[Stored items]
————————
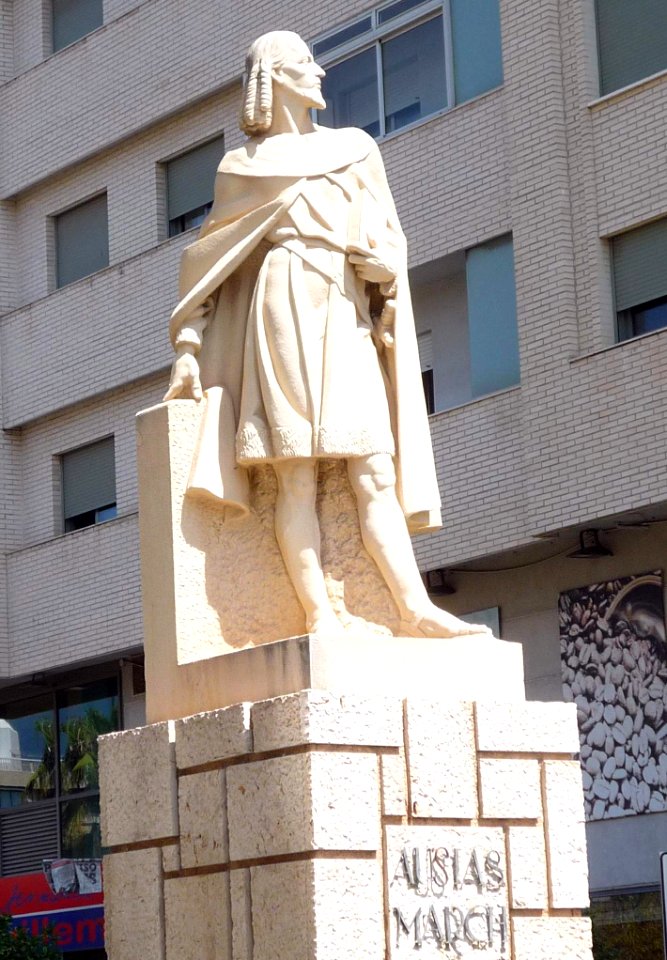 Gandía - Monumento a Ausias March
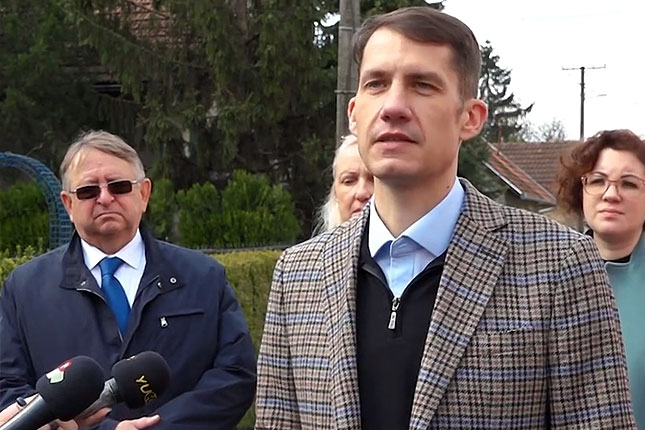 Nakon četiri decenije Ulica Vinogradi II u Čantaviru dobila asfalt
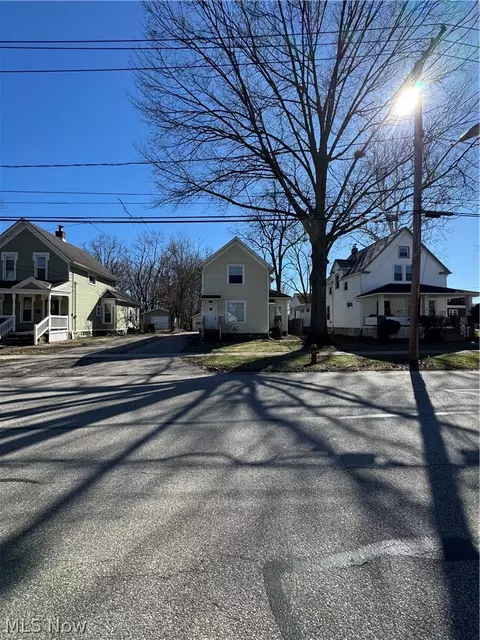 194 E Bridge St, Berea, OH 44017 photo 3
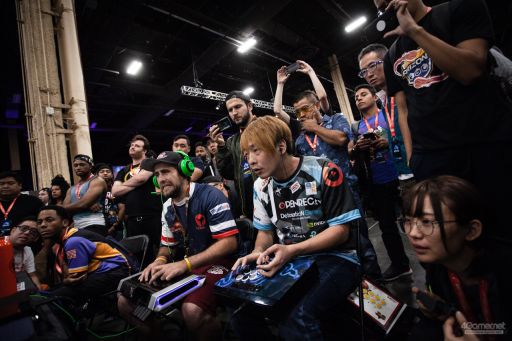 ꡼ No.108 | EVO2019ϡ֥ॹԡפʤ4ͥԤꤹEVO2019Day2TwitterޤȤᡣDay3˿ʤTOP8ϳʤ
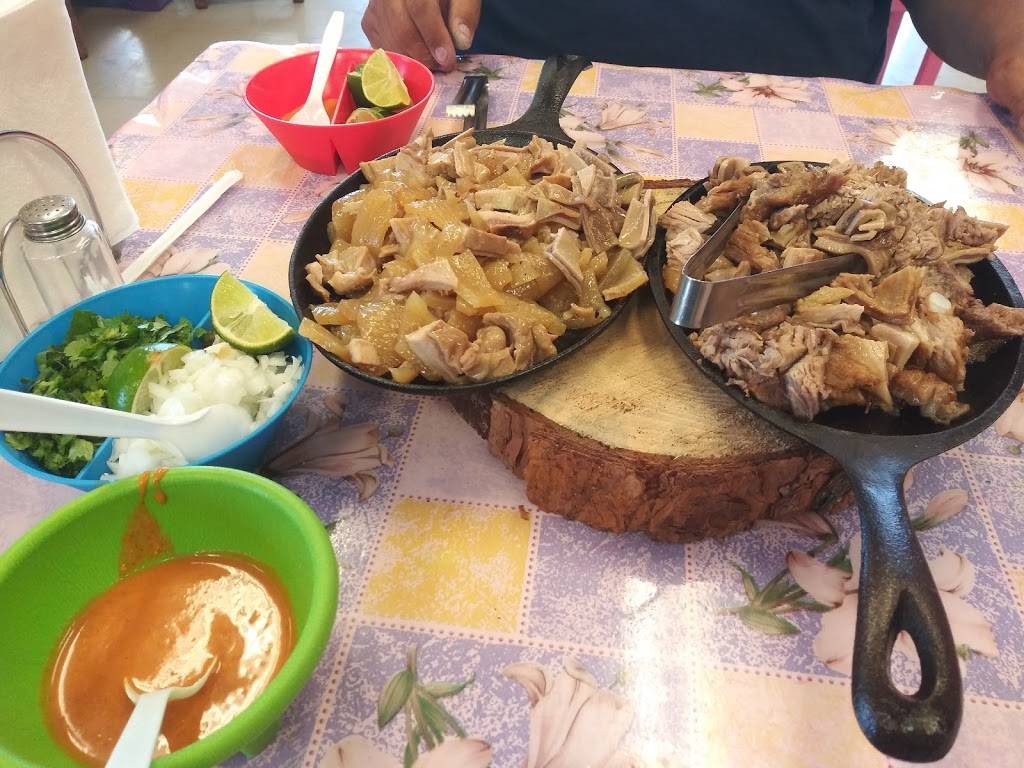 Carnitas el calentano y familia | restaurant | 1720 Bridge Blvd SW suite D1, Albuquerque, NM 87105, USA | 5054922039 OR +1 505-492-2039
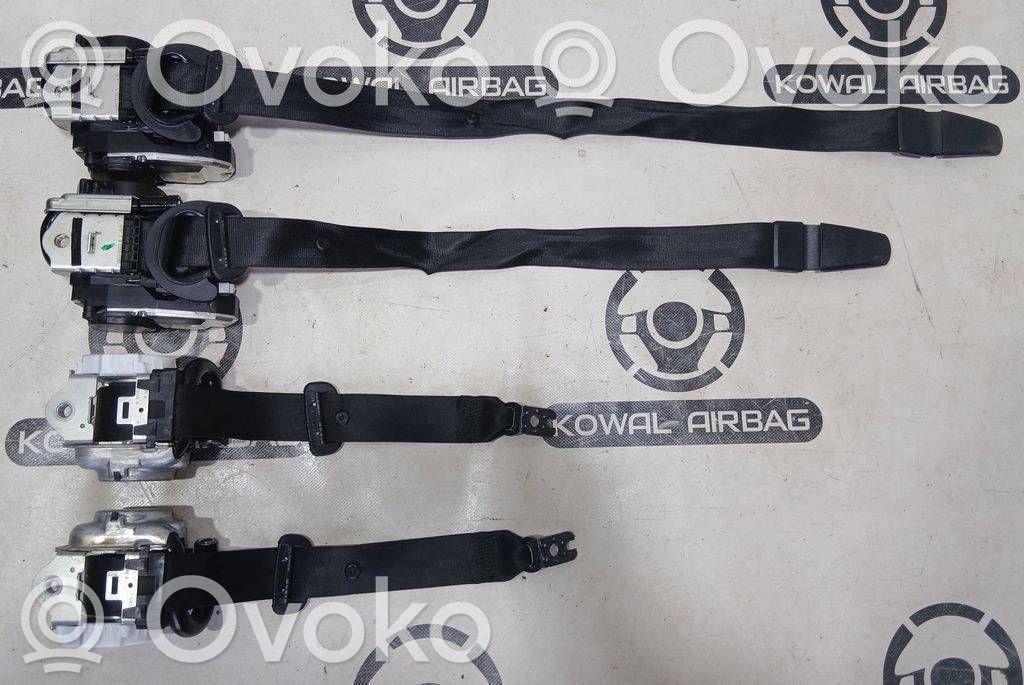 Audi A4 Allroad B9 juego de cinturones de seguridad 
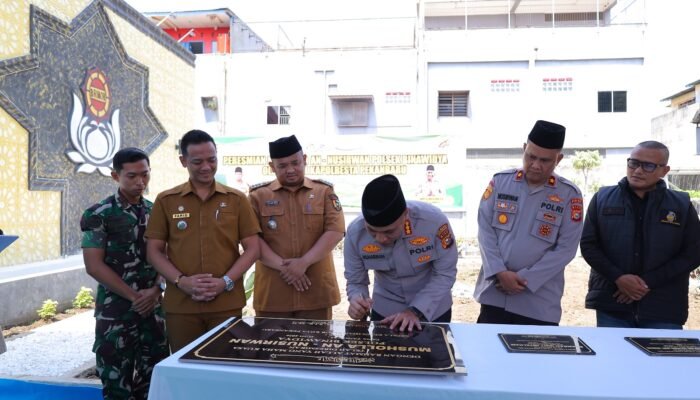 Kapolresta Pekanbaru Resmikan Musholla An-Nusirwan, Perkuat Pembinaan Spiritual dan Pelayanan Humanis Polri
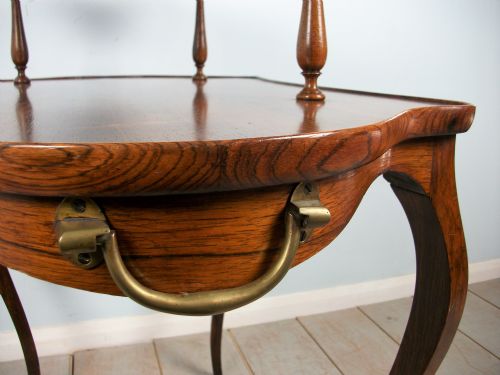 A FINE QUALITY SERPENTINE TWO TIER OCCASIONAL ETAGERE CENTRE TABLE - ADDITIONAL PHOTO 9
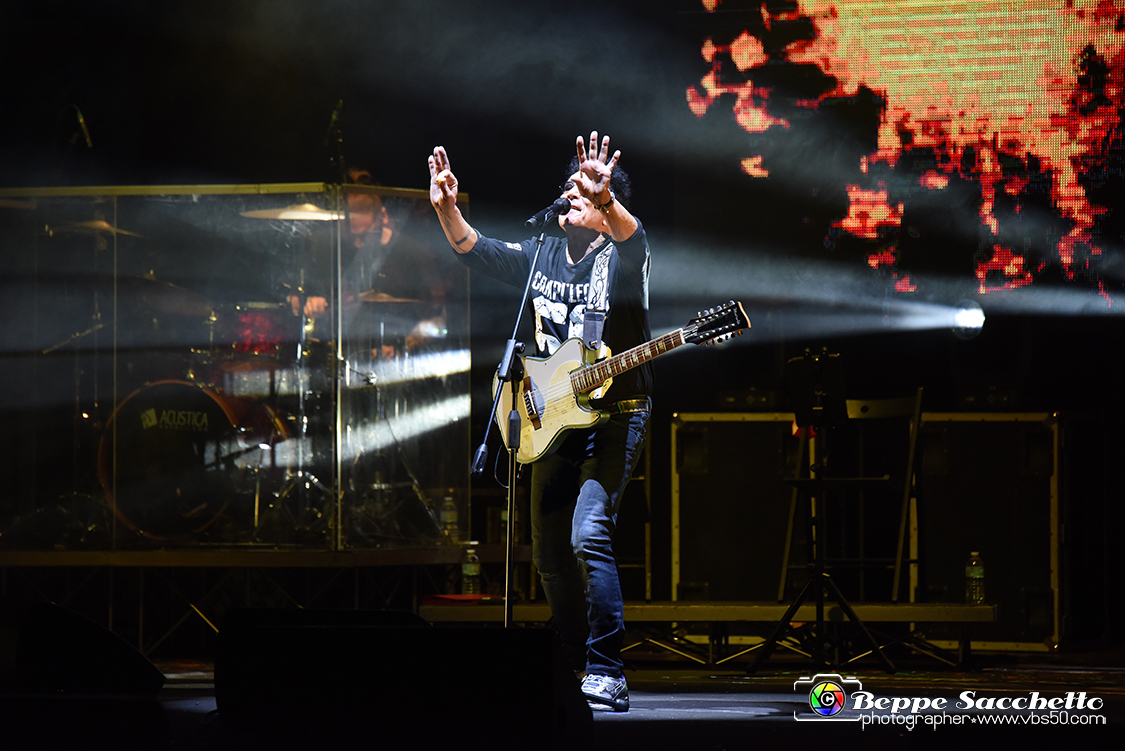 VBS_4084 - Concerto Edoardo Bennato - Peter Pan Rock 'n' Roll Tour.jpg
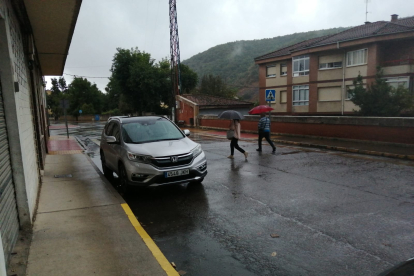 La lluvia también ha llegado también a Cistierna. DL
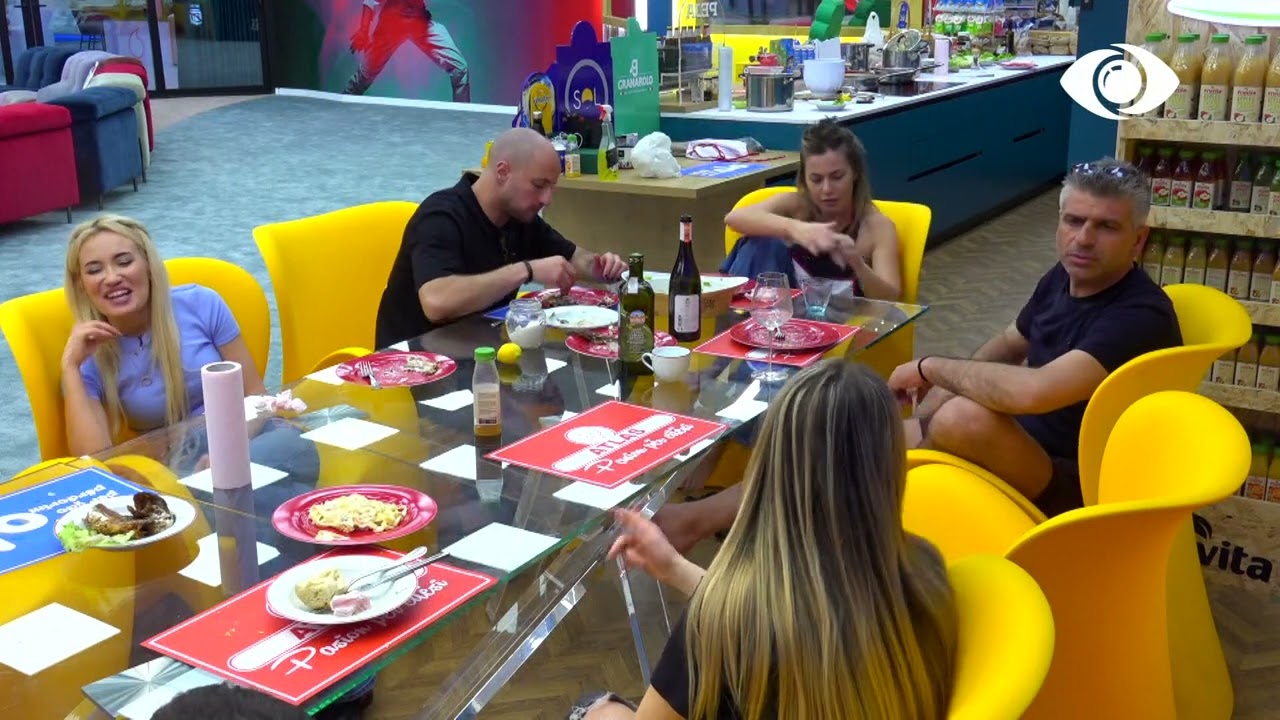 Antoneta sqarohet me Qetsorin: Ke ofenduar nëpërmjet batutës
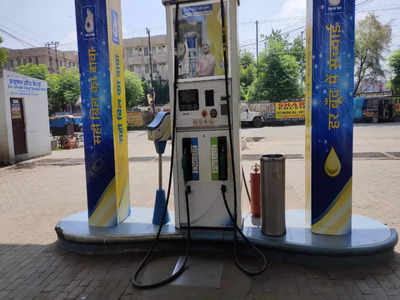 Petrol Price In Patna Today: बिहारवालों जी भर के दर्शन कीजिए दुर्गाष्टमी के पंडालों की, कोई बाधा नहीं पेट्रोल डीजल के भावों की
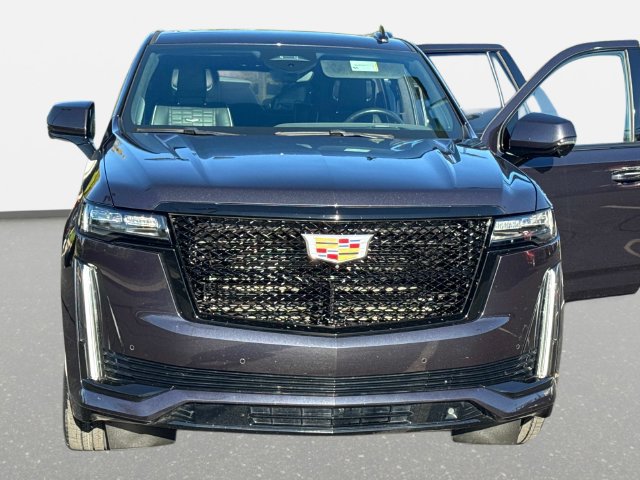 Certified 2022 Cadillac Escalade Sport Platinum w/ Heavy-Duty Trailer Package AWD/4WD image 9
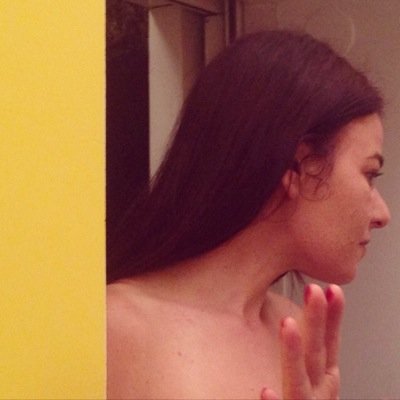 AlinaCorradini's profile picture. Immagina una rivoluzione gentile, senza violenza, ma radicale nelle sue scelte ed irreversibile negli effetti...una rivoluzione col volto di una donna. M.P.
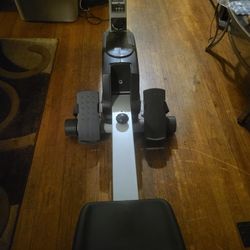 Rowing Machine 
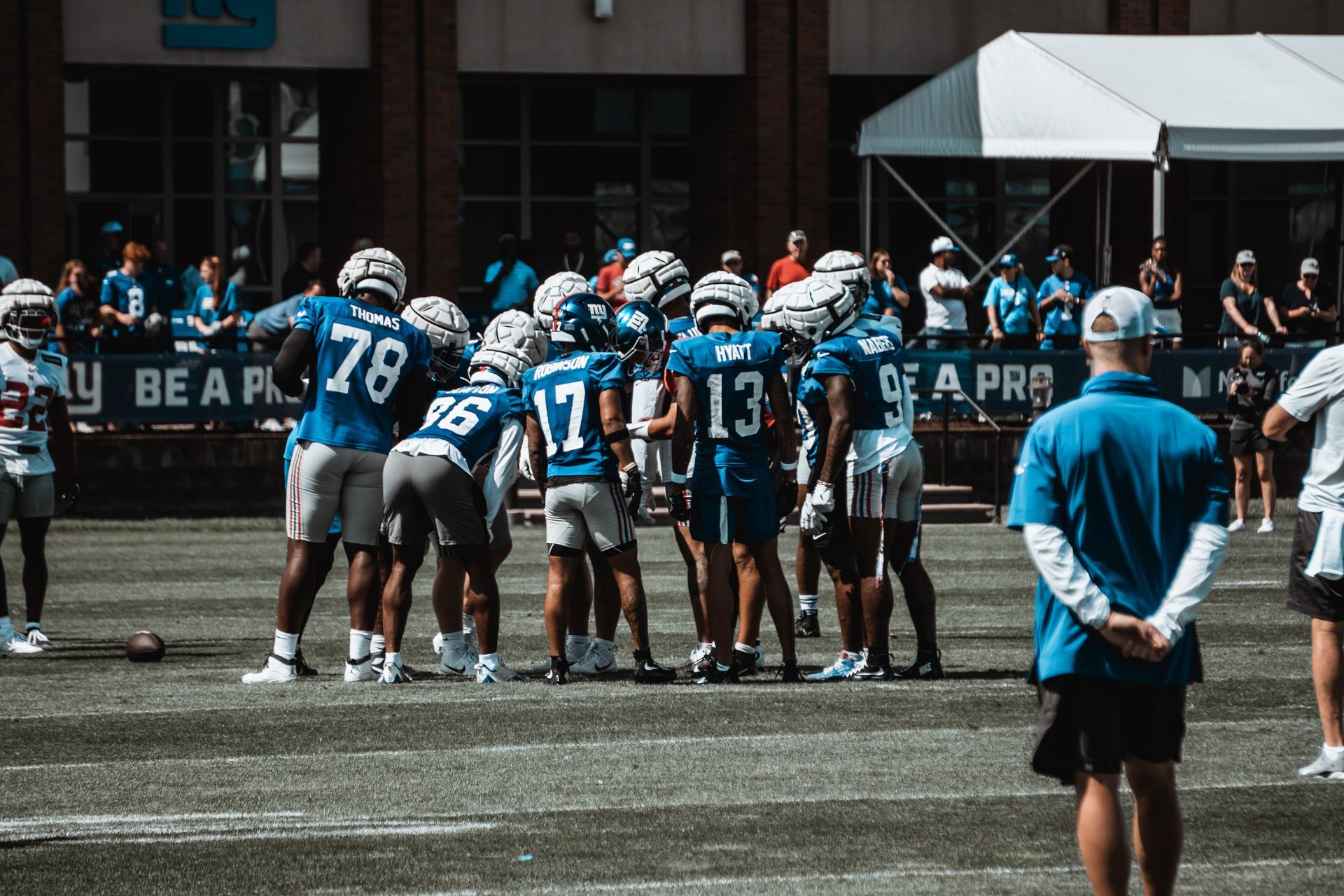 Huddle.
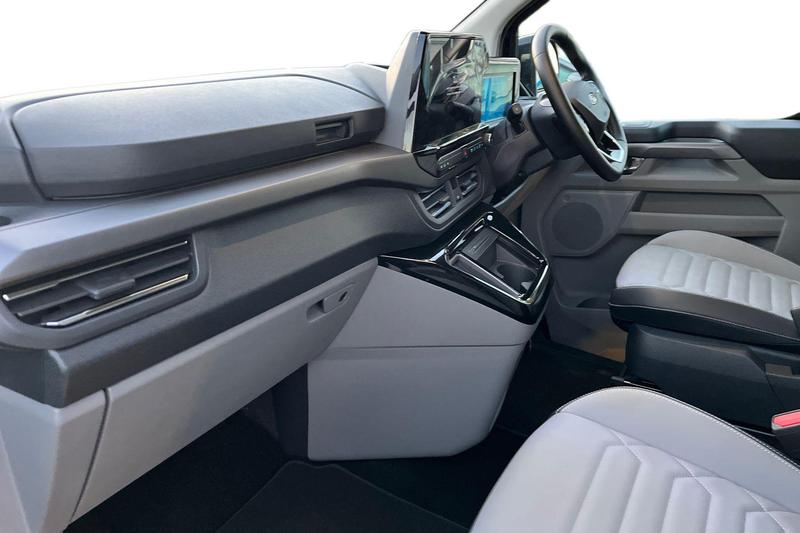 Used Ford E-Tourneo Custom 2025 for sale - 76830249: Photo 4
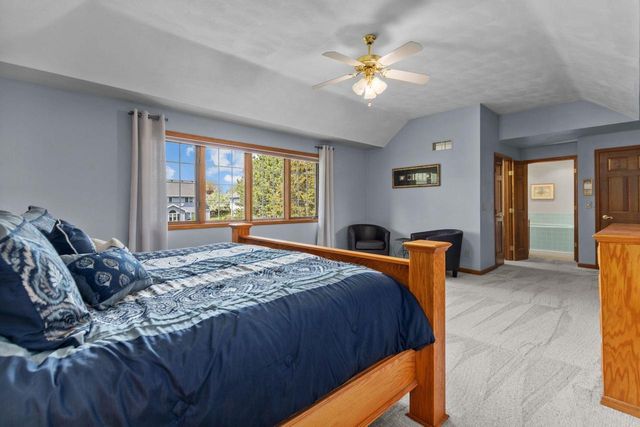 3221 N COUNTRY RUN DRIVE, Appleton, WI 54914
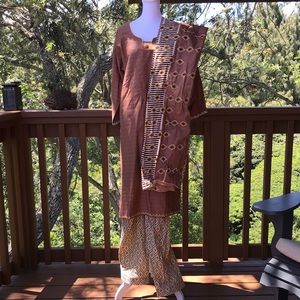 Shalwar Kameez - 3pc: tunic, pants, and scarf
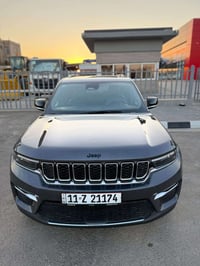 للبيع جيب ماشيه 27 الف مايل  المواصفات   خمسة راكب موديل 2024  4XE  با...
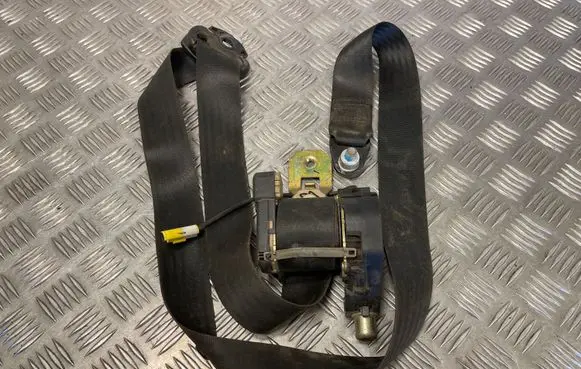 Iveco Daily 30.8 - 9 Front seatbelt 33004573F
————————
Word-for-word copy, no pictures: write out the entries above in full.

 Gandía - Monumento a Ausias March
 Nakon četiri decenije Ulica Vinogradi II u Čantaviru dobila asfalt
 194 E Bridge St, Berea, OH 44017 photo 3
 ꡼ No.108 | EVO2019ϡ֥ॹԡפʤ4ͥԤꤹEVO2019Day2TwitterޤȤᡣDay3˿ʤTOP8ϳʤ
 Carnitas el calentano y familia | restaurant | 1720 Bridge Blvd SW suite D1, Albuquerque, NM 87105, USA | 5054922039 OR +1 505-492-2039
 Audi A4 Allroad B9 juego de cinturones de seguridad 
 Kapolresta Pekanbaru Resmikan Musholla An-Nusirwan, Perkuat Pembinaan Spiritual dan Pelayanan Humanis Polri
 A FINE QUALITY SERPENTINE TWO TIER OCCASIONAL ETAGERE CENTRE TABLE - ADDITIONAL PHOTO 9
 VBS_4084 - Concerto Edoardo Bennato - Peter Pan Rock 'n' Roll Tour.jpg
 La lluvia también ha llegado también a Cistierna. DL
 Antoneta sqarohet me Qetsorin: Ke ofenduar nëpërmjet batutës
 Petrol Price In Patna Today: बिहारवालों जी भर के दर्शन कीजिए दुर्गाष्टमी के पंडालों की, कोई बाधा नहीं पेट्रोल डीजल के भावों की
 Certified 2022 Cadillac Escalade Sport Platinum w/ Heavy-Duty Trailer Package AWD/4WD image 9
 AlinaCorradini's profile picture. Immagina una rivoluzione gentile, senza violenza, ma radicale nelle sue scelte ed irreversibile negli effetti...una rivoluzione col volto di una donna. M.P.
 Rowing Machine 
 Huddle.
 Used Ford E-Tourneo Custom 2025 for sale - 76830249: Photo 4
 3221 N COUNTRY RUN DRIVE, Appleton, WI 54914
 Shalwar Kameez - 3pc: tunic, pants, and scarf
 للبيع جيب ماشيه 27 الف مايل  المواصفات   خمسة راكب موديل 2024  4XE  با...
 Iveco Daily 30.8 - 9 Front seatbelt 33004573F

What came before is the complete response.